- _What the task requires_
Print the listing below only from the line that has "Here I can check" through the line that has "They want us", exactly, and drop any picture.
Segment Start: Record extracts
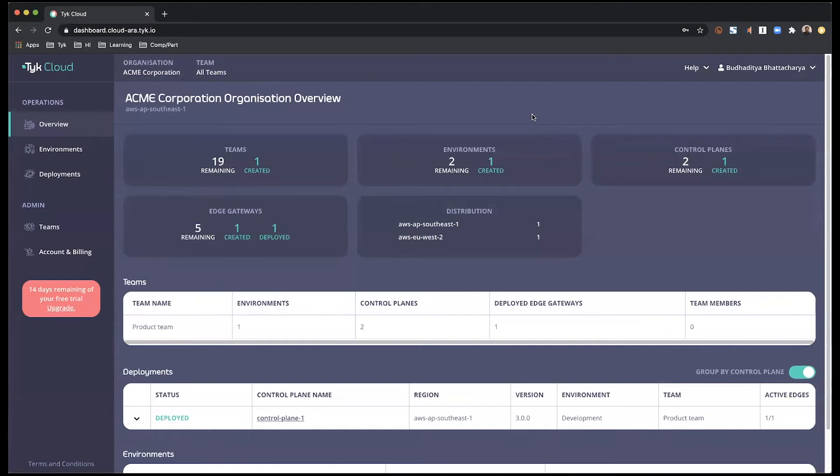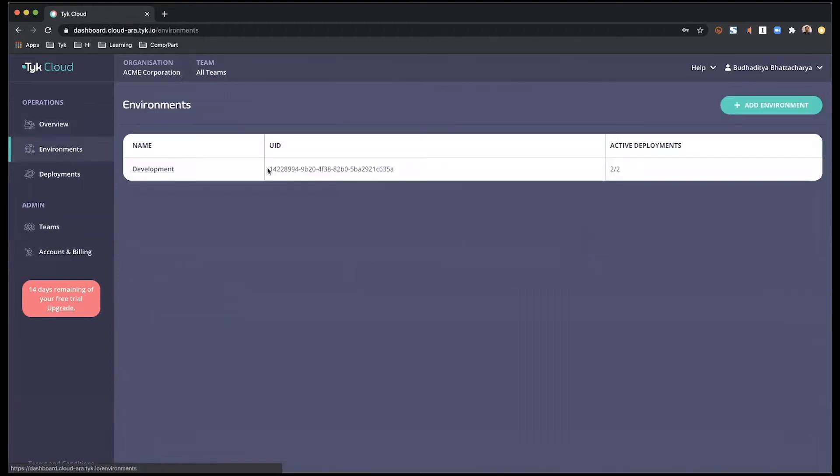Hi, in this video I'll show you how to add a new environment. So let's get started by heading to the environment section. This section gives you an overview of the different environments that are available within your team.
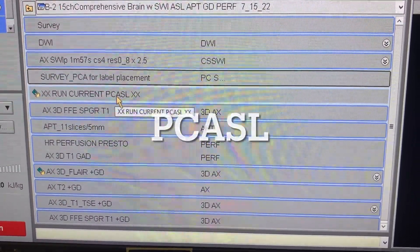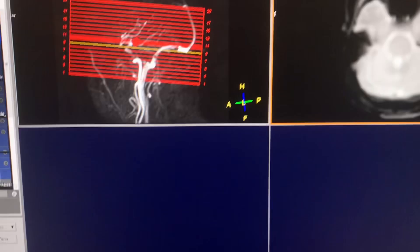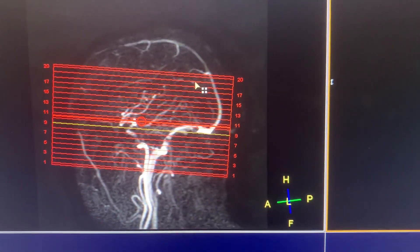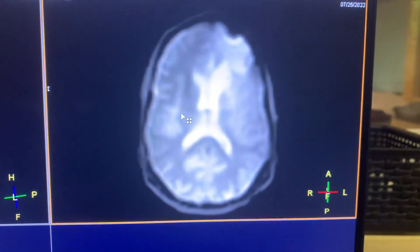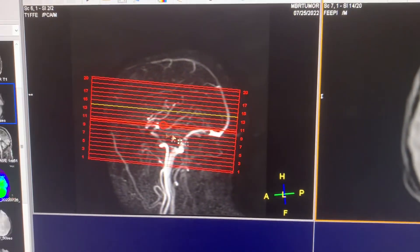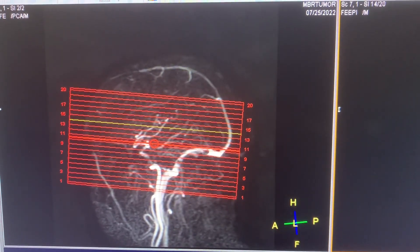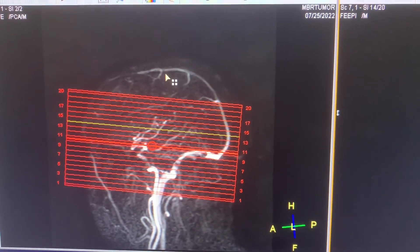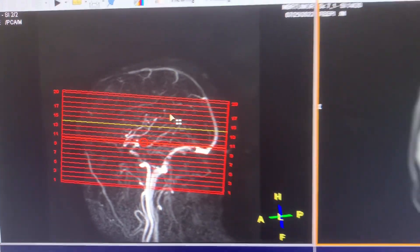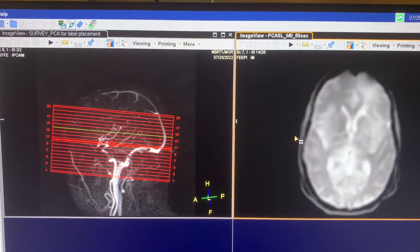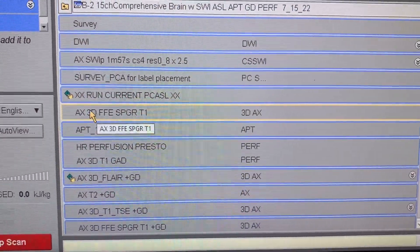For pCASL, run the current one with subs and you also need to run the survey. After you run the survey, this is your routine setting. If you have pathology towards the top of the brain, go ahead and increase slices to cover all of it — that's totally fine. Otherwise it's pretty routine.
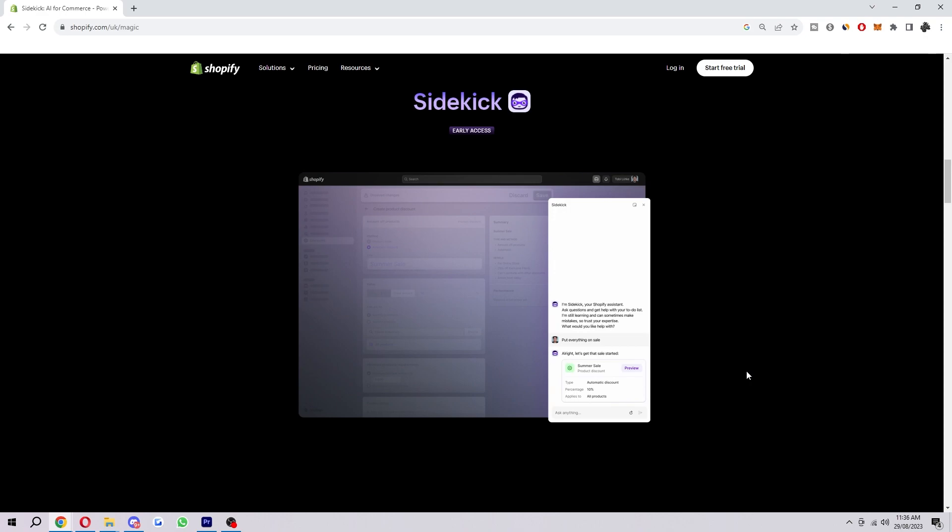Shopify Sidekick is still under development but it is a powerful tool that can help merchants with their Shopify stores. So if you're looking for help with your Shopify store be sure to check out Shopify Sidekick. And here are some additional tips when you are actually using Shopify Sidekick.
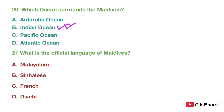And the last question for today is: what is the official language of Maldives? Option A: Malayalam. Option B: Sinhalese. Option C: French. Option D: Divehi. Your correct answer is option D — Divehi.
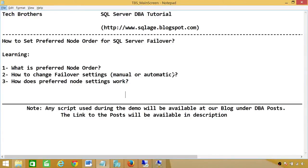Welcome to Tech Brothers. In this video we're going to learn how to set preferred node orders for SQL Server failover. In this demo we'll cover: number one, what is preferred node order; number two, how to change failover settings, whether manual or automatic; and number three, how the preferred node settings work.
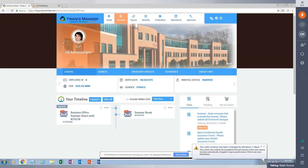Thank you both for setting this up. What we're going to show today is a software called OptiGate. OptiGate is an employee self-service portal, and it is currently available for any district that is on Envision.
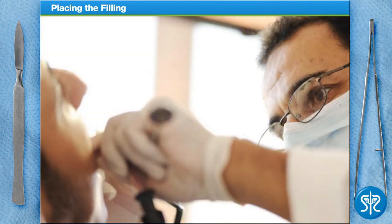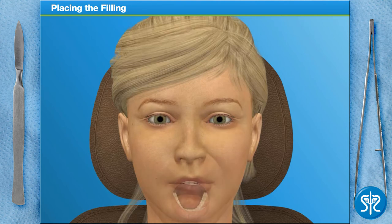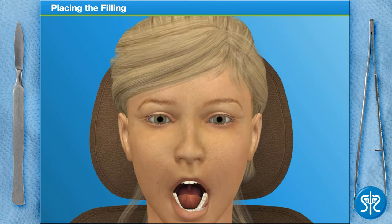At this point, the dentist checks the patient's bite to ensure that everything is normal and the patient doesn't experience any discomfort. Fortunately for our patient, you did an amazing job and there doesn't appear to be any issues with the filling or our patient's bite. All done — it looks perfect!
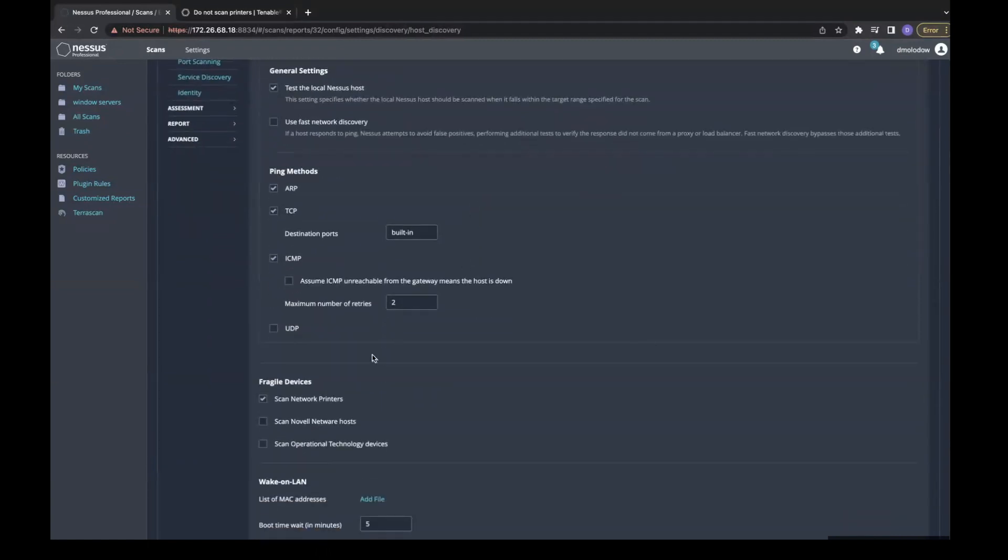Here I can check the box to override and scan printers. Be warned however, scanning printers may cause a denial of service or generate paper waste.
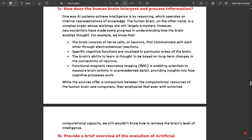The first question is 1a: How does the human brain interpret and process information? In terms of artificial intelligence, one way AI systems achieve intelligence is by reasoning, which operates on internal representations of knowledge. The human brain, on the other hand, is a complex organ whose workings are still largely a mystery. Compared to AI tools, the human brain has more capacities, while AI tools have restrictions and provide outputs based only on given inputs.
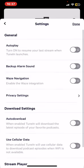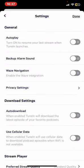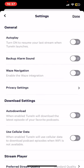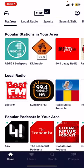At the top of the page, as you can see, the autoplay button is there. This will turn on in order to resume your last stream when TuneIn launches. So just click on the white circle and click on done, and this function is enabled.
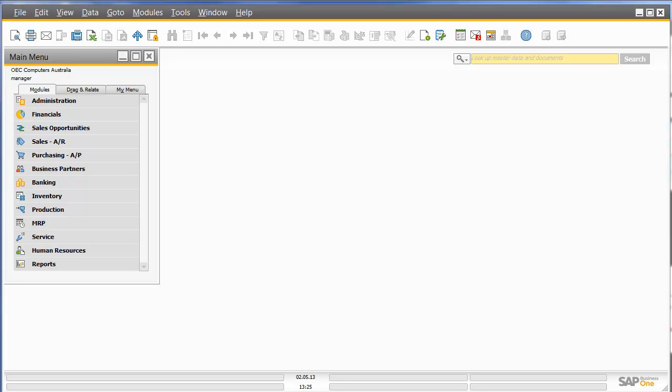Hi, and welcome to this Leverage Technologies presentation of SAP Business 1 Version 9 Purchase Requests.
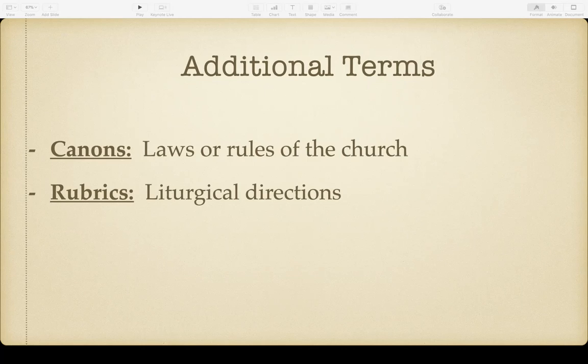Rubrics are the liturgical directions in the prayer book. Traditionally they were printed in red — hence the name — but in our prayer book they're simply in italics. Things like 'the congregation stands,' 'the people kneel,' or 'the sermon is preached here' — all of those directions within the liturgy are known as the rubrics.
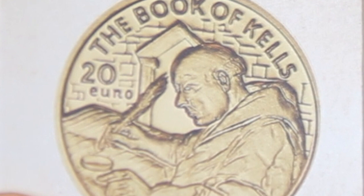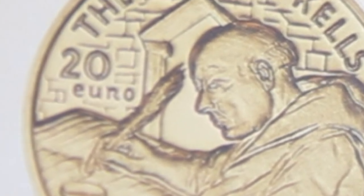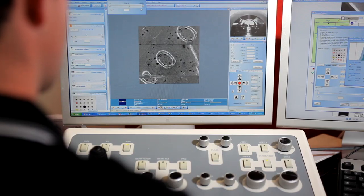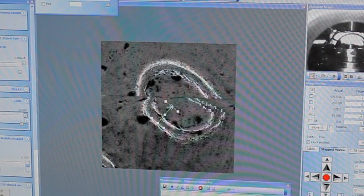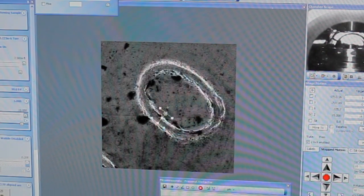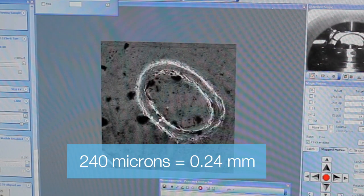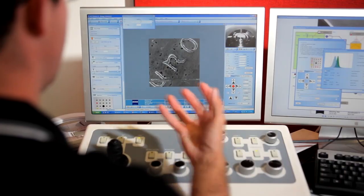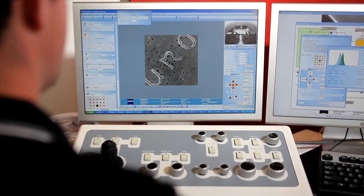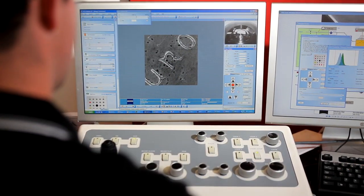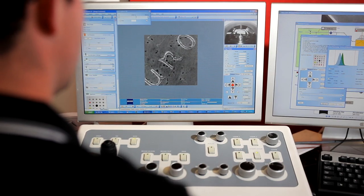The pattern will be etched within the O of the word Euro on the coin. So we're looking at an image of the coin. The O itself is about 230, 240 microns wide. So at the moment we're out at a scale that you can visualise with your eye.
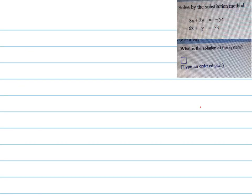They want us to solve this system of equations by substitution, right there on the right. Notice they're asking us to use substitution. This system is set up — each equation — these are both linear equations, and each one is set up in standard form, which typically would be easier to solve by using the elimination method.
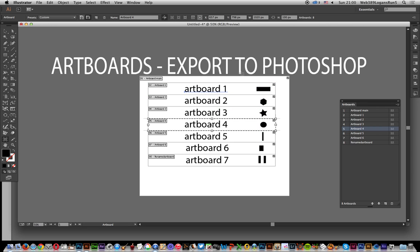Now what I want to do is export all those. Over here you've got the artboards panel and you can see the names have been given. So you've got artboard one, obviously there's a second one, artboard two. Now artboard main is that whole document and renamed artboard. You can see the names just here.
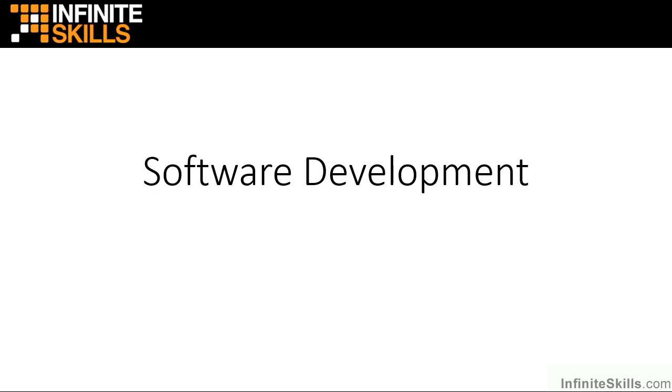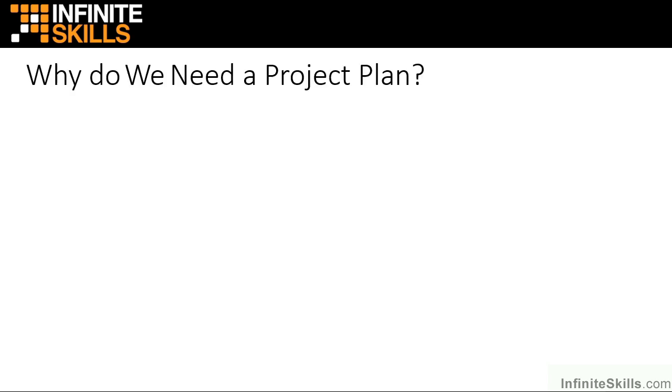Welcome to our Microsoft Project for software development. But why do we need a project plan for software development?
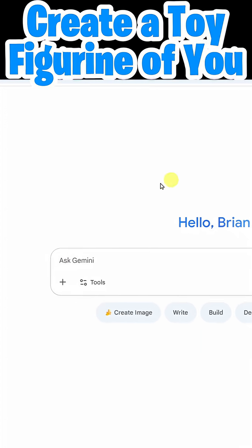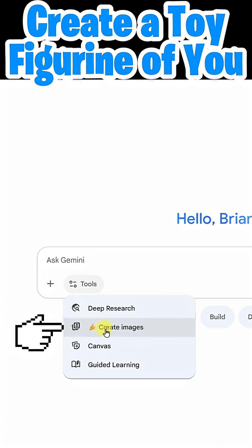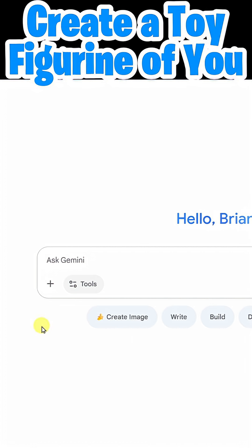To begin using Nano Banana, come down here and click on Tools, and you'll see Create Images here with the little banana icon. Additionally, you'll see it down here where it says Create Image.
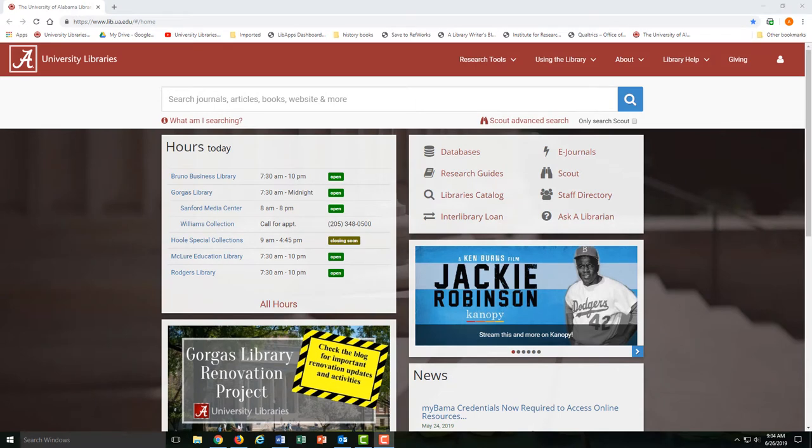A newspaper database allows you to search a collection of individual newspapers all at once. Usually, these databases are organized by time period, location, or some sort of theme.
Segment End: Record extracts
- _Problem solution_
Here I can check the box to override and scan printers. Be warned however, scanning printers may cause a denial of service or generate paper waste.
The first question is 1a: How does the human brain interpret and process information? In terms of artificial intelligence, one way AI systems achieve intelligence is by reasoning, which operates on internal representations of knowledge. The human brain, on the other hand, is a complex organ whose workings are still largely a mystery. Compared to AI tools, the human brain has more capacities, while AI tools have restrictions and provide outputs based only on given inputs.
At the top of the page, as you can see, the autoplay button is there. This will turn on in order to resume your last stream when TuneIn launches. So just click on the white circle and click on done, and this function is enabled.
Hi, and welcome to this Leverage Technologies presentation of SAP Business 1 Version 9 Purchase Requests.
Rubrics are the liturgical directions in the prayer book. Traditionally they were printed in red — hence the name — but in our prayer book they're simply in italics. Things like 'the congregation stands,' 'the people kneel,' or 'the sermon is preached here' — all of those directions within the liturgy are known as the rubrics.
The pattern will be etched within the O of the word Euro on the coin. So we're looking at an image of the coin. The O itself is about 230, 240 microns wide. So at the moment we're out at a scale that you can visualise with your eye.
They want us to solve this system of equations by substitution, right there on the right. Notice they're asking us to use substitution. This system is set up — each equation — these are both linear equations, and each one is set up in standard form, which typically would be easier to solve by using the elimination method.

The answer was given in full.